• _Exercise details_
When you reach the line containing "idrop Sewage Separation", please repeat it and every line after it exactly, through the end of the listing below, skipping pictures.

• _Provided data_
==============================

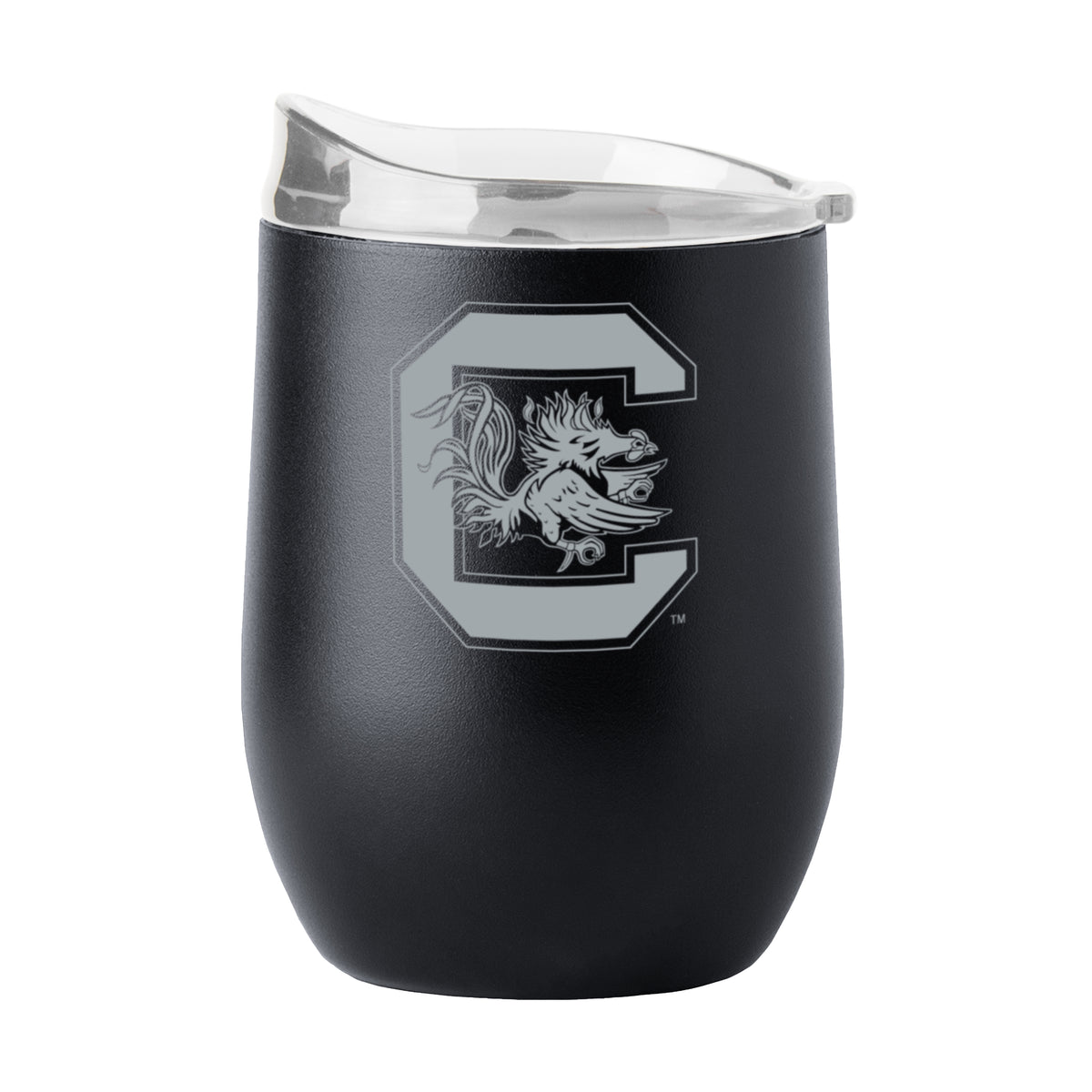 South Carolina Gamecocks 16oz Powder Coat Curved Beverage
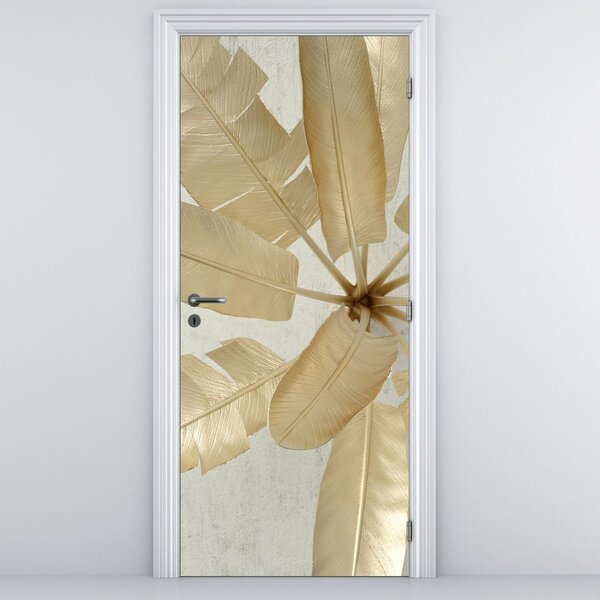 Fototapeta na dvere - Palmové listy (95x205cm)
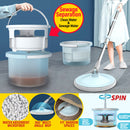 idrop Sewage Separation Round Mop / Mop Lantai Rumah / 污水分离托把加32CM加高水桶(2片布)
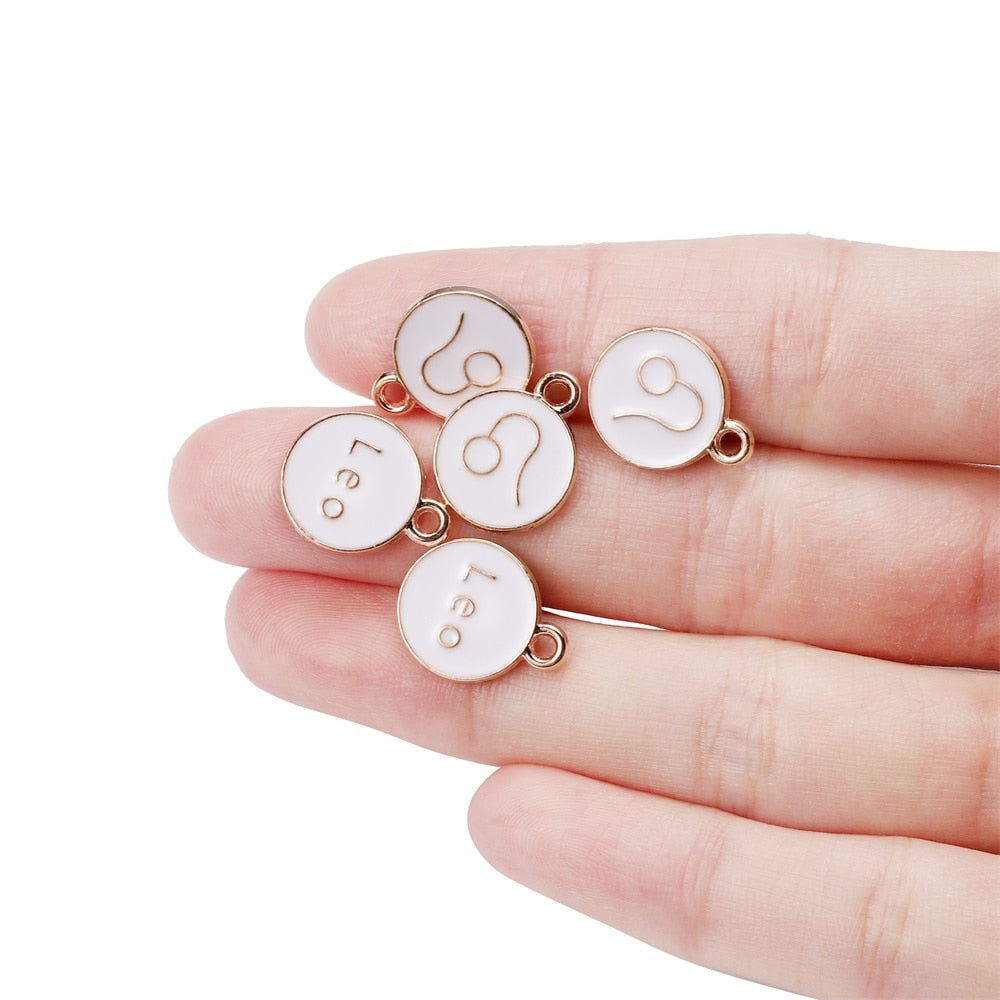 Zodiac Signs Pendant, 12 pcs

==============================

• _Output_
 idrop Sewage Separation Round Mop / Mop Lantai Rumah / 污水分离托把加32CM加高水桶(2片布)
 Zodiac Signs Pendant, 12 pcs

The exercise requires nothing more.